Le 22 juin 1952 un professeur du lycée Chanzy disparaissait suite à une longue maladie. Triste événement, mais anodin dans la vie d’une petite ville. Pourtant l’émotion fut grande, l’homme étant encore jeune, cinquante huit ans, c’était un ancien combattant de la grande guerre, mais là ne résidait pas la singularité du disparu. Malvoyant, il avait continué à assurer ses cours jusqu’à ce que la maladie le terrasse. Aussi toute la communauté ménéhildienne se considéra en deuil. Ainsi le 26 juin au matin, c’est en présence d’une très nombreuse assistance que
se sont déroulés les obsèques de Raymond Aubin.
Dans le cortège on remarquait la présence de Messieurs Deleplanque, Sous préfet ; Buache, Maire ; Jacquier et Dumont, adjoints ; Eymard, Principal ; les professeurs et les élèves du collège, de très nombreux anciens élèves ; Madame Mangeot, directrice d’école et des membres de
l’enseignement ; M. Duval Président des Anciens Combattants A.G.M.G. ; M. Grabenstaetter, des Médaillés militaires.

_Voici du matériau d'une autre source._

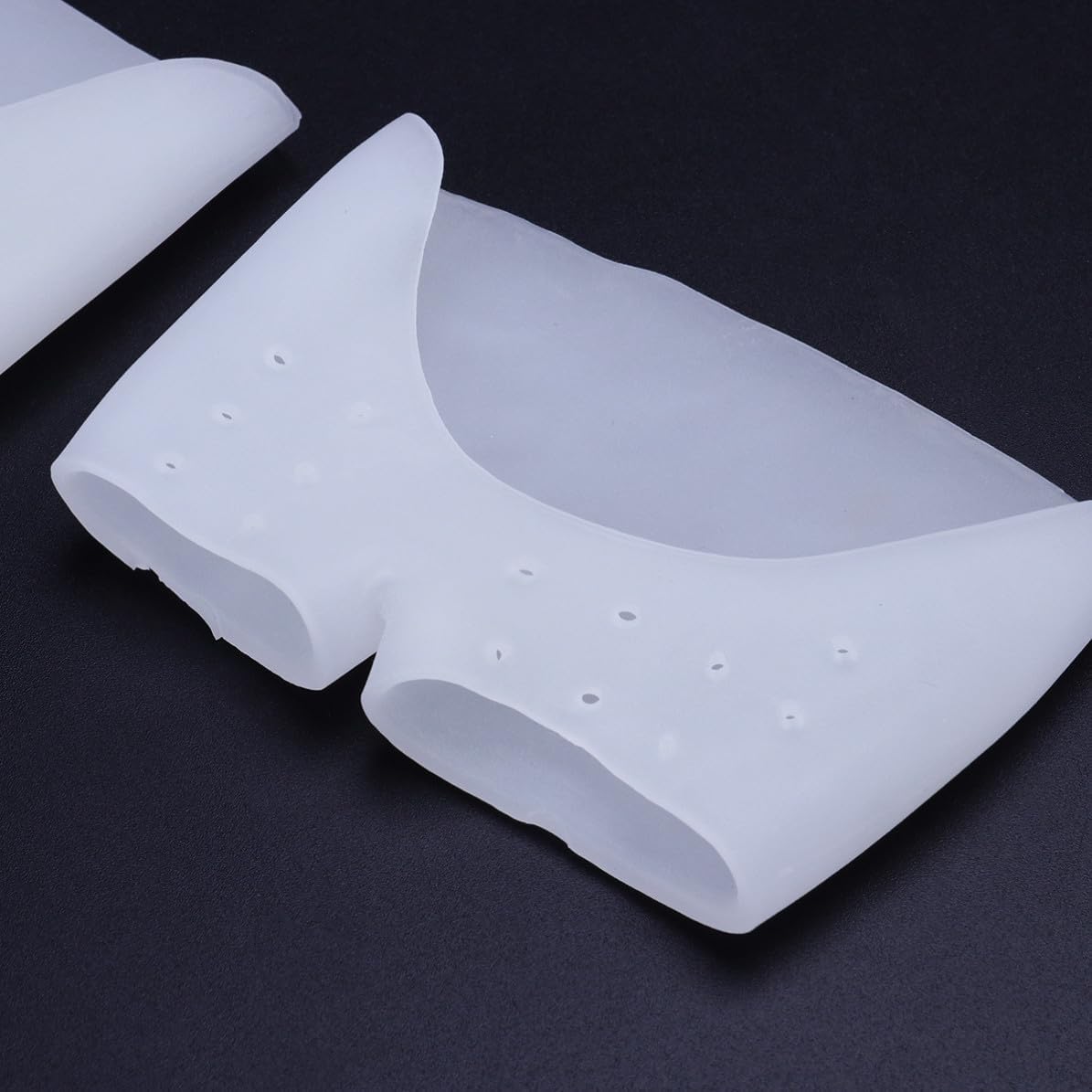 Silicone Metatarsal Pads Cushions White Pair for Men Women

Au cimetière, c’est à M. Eymard que revint la tâche de retracer la vie du
disparu et de souligner ses mérites exceptionnels. Laissons lui la parole :
" Le collège Chanzy est en deuil : la disparition de M. Aubin plonge dans l’affliction les nombreux amis qu’il comptait, tant dans le personnel que parmi les élèves et les anciens élèves. Nous perdons en lui un collaborateur précieux, de la plus haute tenue morale et universitaire, un collègue franc et serviable, un maître aimé dont la discipline grave s’adoucissait d’une parole noble et prenante.
J’ai la tâche douloureuse de retracer brièvement une carrière qui s’est déroulée dans des conditions si méritoires qu’elle restera pour nous tous un exemple.

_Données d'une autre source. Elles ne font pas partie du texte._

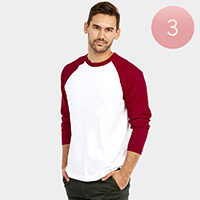3PCS - Men's Raglan T-Shirts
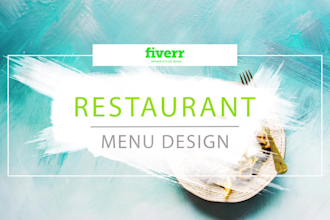 do modern restaurant menu design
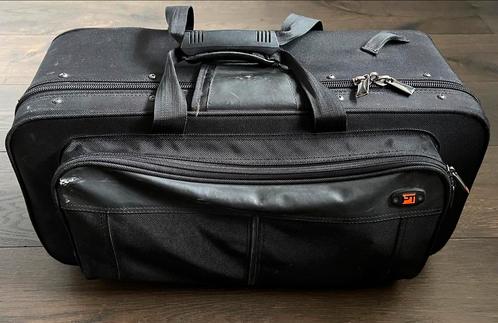 Protec PB301 trompet rugtas/koffer, Muziek en Instrumenten, Blaasinstrumenten | Trompetten, Gebruikt, Bes-trompet, Ophalen of Verzenden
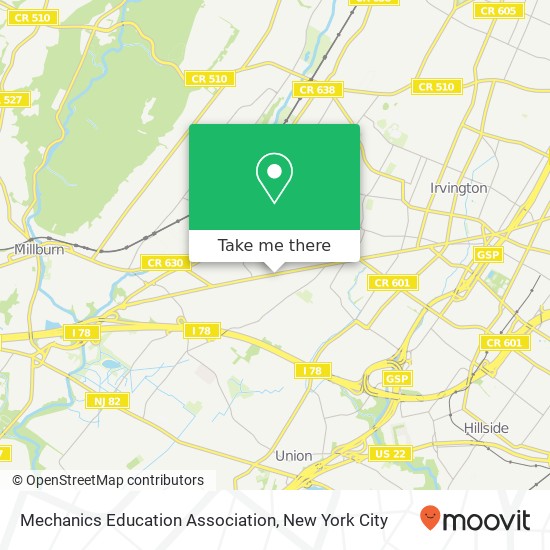 Mapa de Mechanics Education Association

Né à Vanves en 1893, M. Aubin fait la plus grande partie de ses études secondaires au lycée Lakanal où son père est surveillant général. Il y passe la première partie du baccalauréat et va faire ses mathématiques élémentaires au lycée Saint-Louis. Reçu bachelier, sa vocation et ses goûts le destinent à la médecine : il rêve d’entrer un jour à l’Ecole de santé navale. Il prépare à cet effet le P.C.N. à la Sorbonne, puis fait ses deux premières années de médecine à Brest et à Tours, tout en
assurant dans les lycées de ces deux villes les fonctions de surveillant d’internat. Etudiant sérieux, travailleur acharné, il se prépare un avenir qu’il a choisi et que, en raison des succès obtenus chaque année, rien ne semble devoir contrarier.

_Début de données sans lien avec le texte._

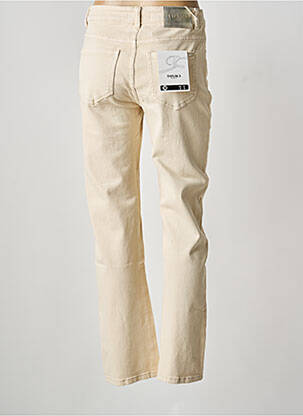 Jeans coupe droite stretch taille normale beige TOXIK3 femme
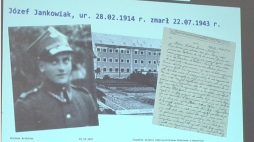 Józef Jankowiak, stracony w czasie II wojny światowej w więzieniu Stadelheim w Monachium i jego list pożegnalny. Fot. Gminna Biblioteka Publiczna w Pępowie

Mais nous sommes en août 1914 et notre jeune étudiant est de la classe 13.Son sursis pour continuation d’études immédiatement résilié, il rejoint ses camarades déjà sous les drapeaux. D’abord affecté dans les hôpitaux de l’intérieur, il est vite nommé médecin auxiliaire et 1916 le trouve à Verdun, dans les forts de la rive gauche, puis au 173ème R.I. avec lequel il fera 31 mois de front. Il s’y fait remarquer par son sang-froid, son courage à toute épreuve, qui lui valent successivement 4
citations, la croix de guerre et, après une blessure, la Médaille militaire. Hélas, en même temps, et à la suite d’une commotion par un obus, un mal sournois, une affection oculaire gagne peu à peu du terrain, si bien qu’à l’armistice, il est évacué au Val de Grâce, puis réformé. La cécité qui l’atteint ira désormais toujours en empirant. Son avenir est brisé, ses études de médecine désormais impossibles. Il aura sacrifié au salut du pays le rêve de sa jeunesse studieuse. Mais il ne se décourage point. Il demande un poste de répétiteur et le Recteur Henri Poincaré l’envoie, provisoirement, au collège de Sainte-Ménehould, en attendant de lui trouver un poste double, car sa jeune femme est institutrice à Triaucourt, dans la Meuse. Il est ainsi arrivé au collège Chanzy le 16 décembre 1919 et le provisoire a duré 33 ans.